Menurut Samuel Krisna, mahasiswa semester 6 Fakultas Filsafat Unpar mengungkapkan, ia mengaku kagum karena permainan tradisional seperti ini masih dilestarikan, karena mengajarkan anak-anak tentang kebersamaan, lebih mengenal satu dengan yang lain dan tidak terjebak pada permainan di gawai.
Dalam konteks masyarakat plural, permainan tradisional ini bisa mempersatukan, membuat anak-anak tertawa bersama tanpa melihat suku, agama, dan ras.

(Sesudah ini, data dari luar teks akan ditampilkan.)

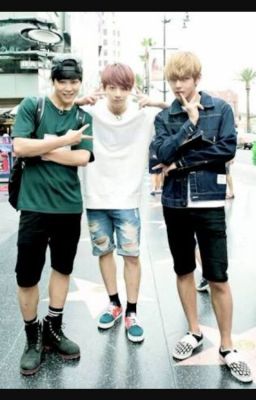 My Handsome babysitter -maknae line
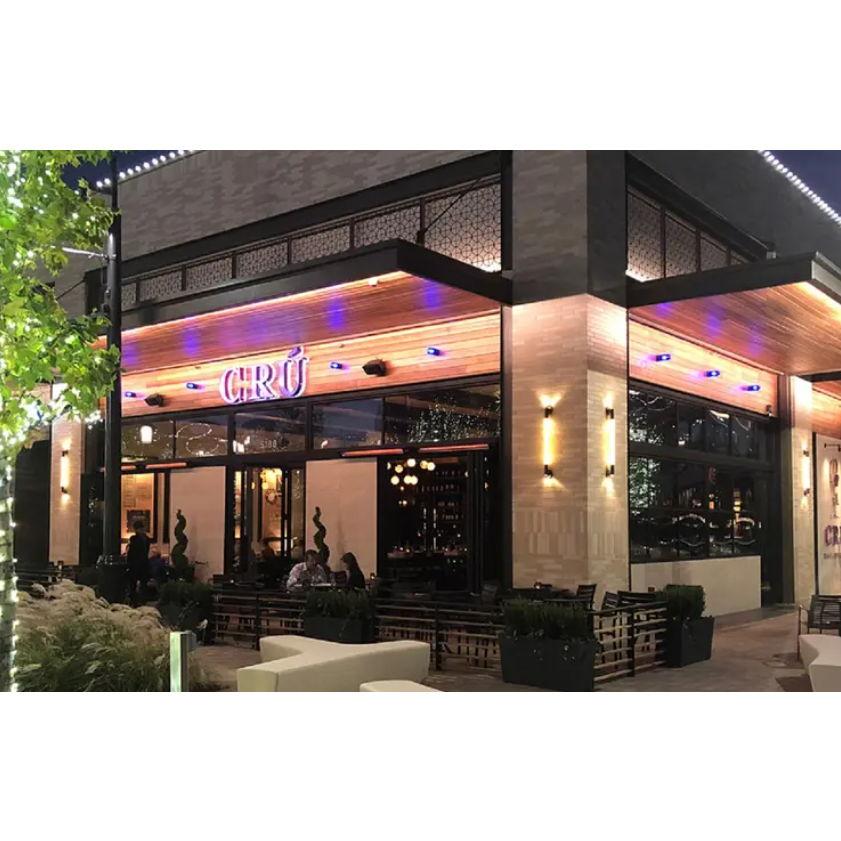 Cru, a wine bar!
5188 Marathon Ave, Fort Worth, TX 76109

Willfridus Demetrius Siga, salah satu dosen PPPM (Pendidikan, Penelitian, dan Pengabdian Masyarakat) mengatakan, hal ini baik untuk para mahasiswa karena memberikan wawasan bahwa dialog antar agama itu tidak selalu berupa diskursus atau dialog lisan, namun juga diwujudkan dalam kolaborasi seni budaya.

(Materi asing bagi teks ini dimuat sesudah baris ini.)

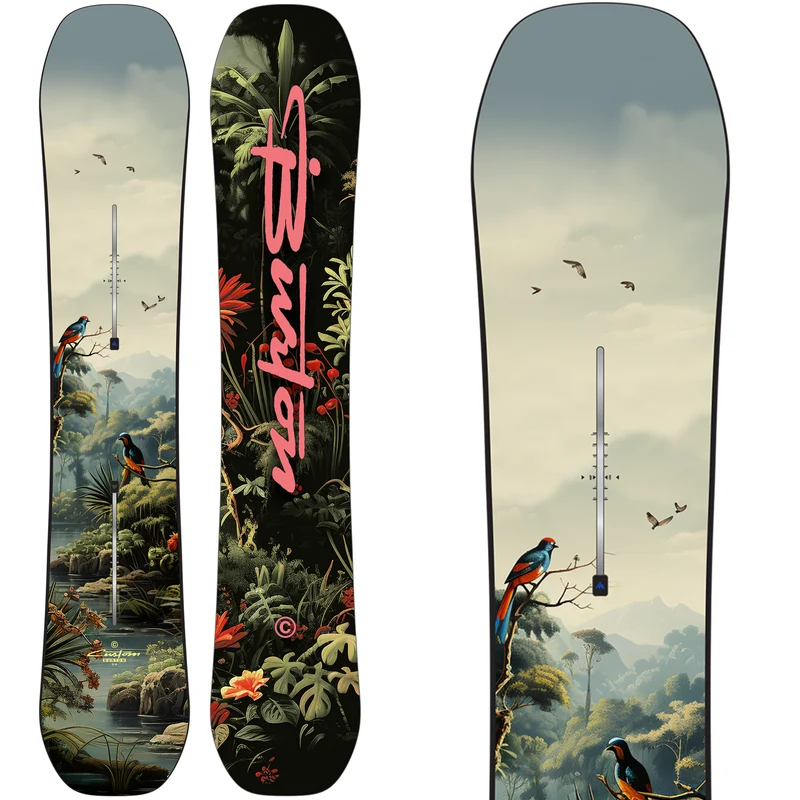 Burton Custom Camber Snowboard 2027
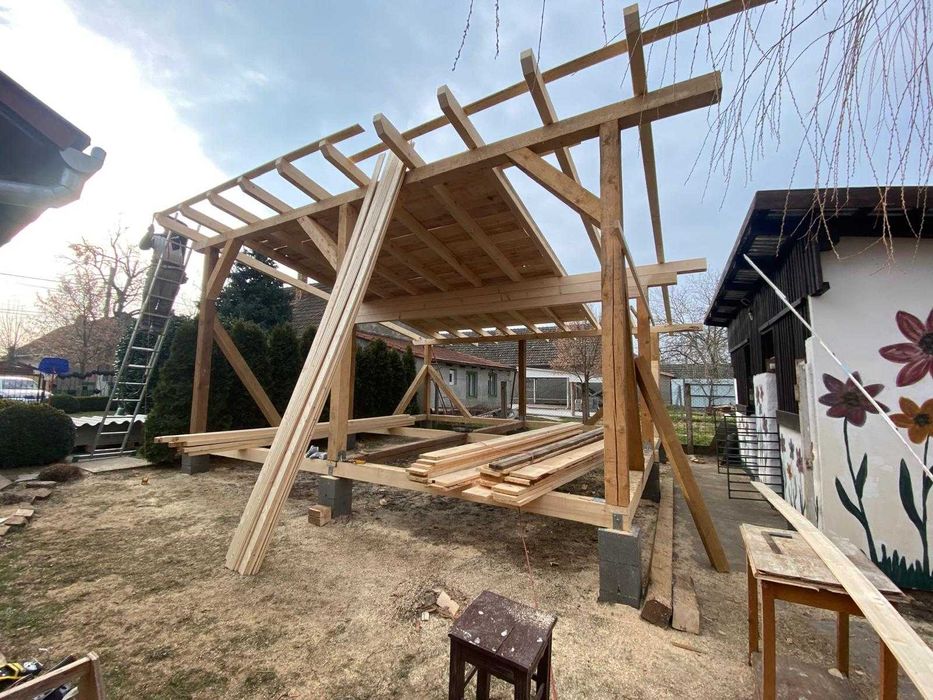 Firma de constructii {Constructii civile}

“Berharap para mahasiswa bisa belajar tentang dinamika pluralisme agama yang konkret, yang memiliki berbagai bentuk. Seni budaya ternyata dapat mendukung terciptanya kerukunan antar umat beragama.” Ungkapnya saat mendampingi para mahasiswa dalam kunjungan ini.
Sementara itu Diskusi filsafat pada siang hari ini dipenuhi dengan kajian budaya, seni, kolaborasi antar umat beragama dan persaudaraan umat manusia atas apa yang dirasakan secara nyata di Ciamis.